The current meta-analysis was provided according to the PRISMA guideline (22). The protocol of the present study has been approved by the ethics committee of Isfahan University of Medical Sciences (identifier: IR.MUI.RESEARCH. REC.1402.031 and grant number: 140215).

2.1. Search strategy

A comprehensive systematic search was applied on Web of Science, Google Scholar, EMBASE, PubMed, and Scopus up to March 2023 without any restriction in language or publication year. Additionally, we checked the reference list of related articles to avoid missing the eligible studies. The details of keywords and search strategy in each database were provided in Supplementary Table S1.

2.2. Inclusion and exclusion criteria

Studies were eligible to be included if met the following requirements: (1) had randomized clinical controlled trial design; (2) investigated the influence of flaxseed on sex hormones or their binding proteins including [total testosterone, SHBG, follicle-stimulating hormone (FSH), free androgen index (FAI) and dehydroepiandrosterone Sulfate (DHEAS)]; (3) performed on men and women 18 years or older; (4) reported the change values of the mentioned variables or their values before and after intervention in both control and in treatment groups.
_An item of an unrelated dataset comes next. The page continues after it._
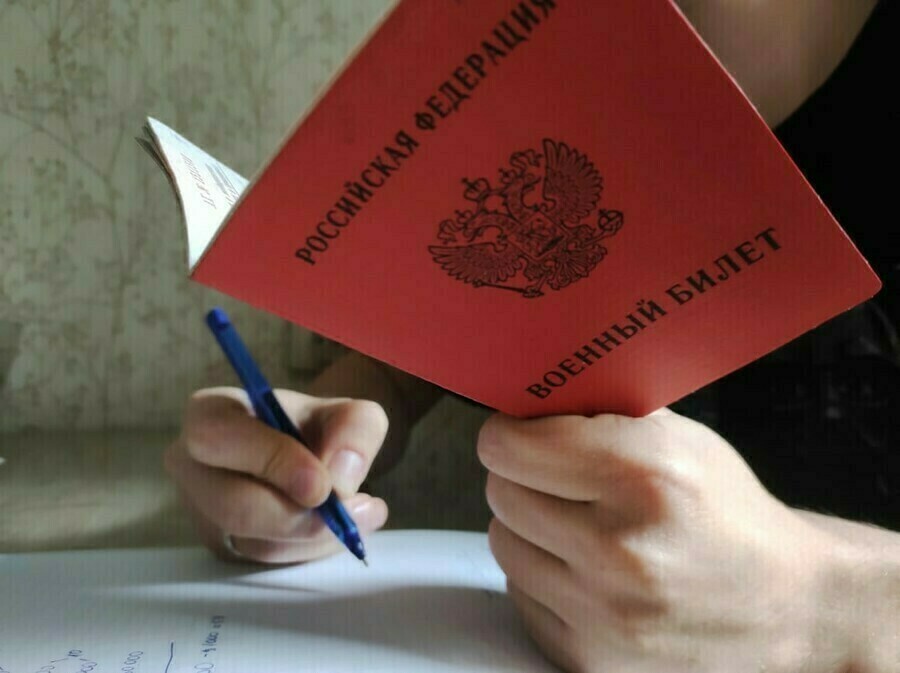 Штраф за неявку в военкомат решили повысить до 30 тысяч рублей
Nevertheless, we excluded studies if: (1) used the combination of flaxseed with other substances or exercise; (2) had not control group; (3) did not apply random allocation; (4) did not report changes of the interested variables or their values before and after the intervention; (5) investigated the pregnant women, and children; and (6) gray literatures, patents, dissertations.

2.3. Data extraction

Two investigators independently performed data extraction and the principle researcher supervised this process (G.A). The necessary information was extracted including the duration, location, design and publication year of included studies, first author’s last name, the mean age, health status, and the number of included subjects, flaxseed dosage, and the mean ± standard deviation changes of sex hormones or their values before and after intervention in both groups. In studies with insufficient data, authors were requested to send more information by email.

2.4. Quality assessment

Two authors (VM and MV) independently evaluated the risk of bias for each study with RoB 2. The assessment focused on 5 different domains of each study: allocation concealment, random sequence generation, selective reporting, blinding of outcome assessment, and incomplete outcome data. For each section, algorithms assessed the potential bias (low risk, unclear risk, or high risk) (23).

2.5. Statistical analysis

Using the mean ± standard deviation (SD) changes of sex hormones in intervention and control groups, standardized mean difference (SMD) and 95% confidence intervals were estimated as the overall estimates (24). The Cochran’s Q test and inconsistency index (I-squared) were used to determine the between-study heterogeneity. Such that, I² ≥ 75% and p-value of Q statistic <0.1 were defined as high between-study heterogeneity (25). In cases with significant between-study heterogeneity, subgroup analysis was applied to find the source of heterogeneity. Additionally, meta-regression was performed for continuous variables. Using the sensitivity analysis, the individual effect of each study on the overall effect size was examined. Through the use of funnel plots, Begg’s and Egger’s tests, we assessed the publication bias (26). All analyses were conducted through the use of Stata Statistical Software version 14 (Stata Corp, College Station, TX, United States).

3. Results

3.1. Selection and characteristics of studies

A total of 1,691 articles were found through the initial literature search of PubMed, Embase, Cochrane, and Web of Science databases, of which 522 were duplicates, and 874 articles were excluded through screening titles and abstracts. Finally, 10 out 16 RCTs were included in the meta-analysis. The systematic review literature screening flow chart is shown in Figure 1. The characteristics of the included RCTs are outlined in Table 1. All included studies were conducted between 1998 and 2020. Of the 10 included studies, five of them were conducted in USA and two in Iran, two in Brazil, and one in Canada. The intervention duration of the studies ranged from 4.5 to 24 weeks; the mean age of the 49 years; and patient and control sample sizes ranged from 34 to 81. The risk of bias was assessed as shown in Figure 2. According to the RoB2, six of ten studies had high quality.

FIGURE 1

Figure 1. Flow diagram of study selection.

TABLE 1

Table 1. Study characteristics of included studies.

FIGURE 2

Figure 2. Risks of bias assessed by RoB2 for each included study (n = 10). FLX, Flaxseed; CO, Control; SH, Sex hormone.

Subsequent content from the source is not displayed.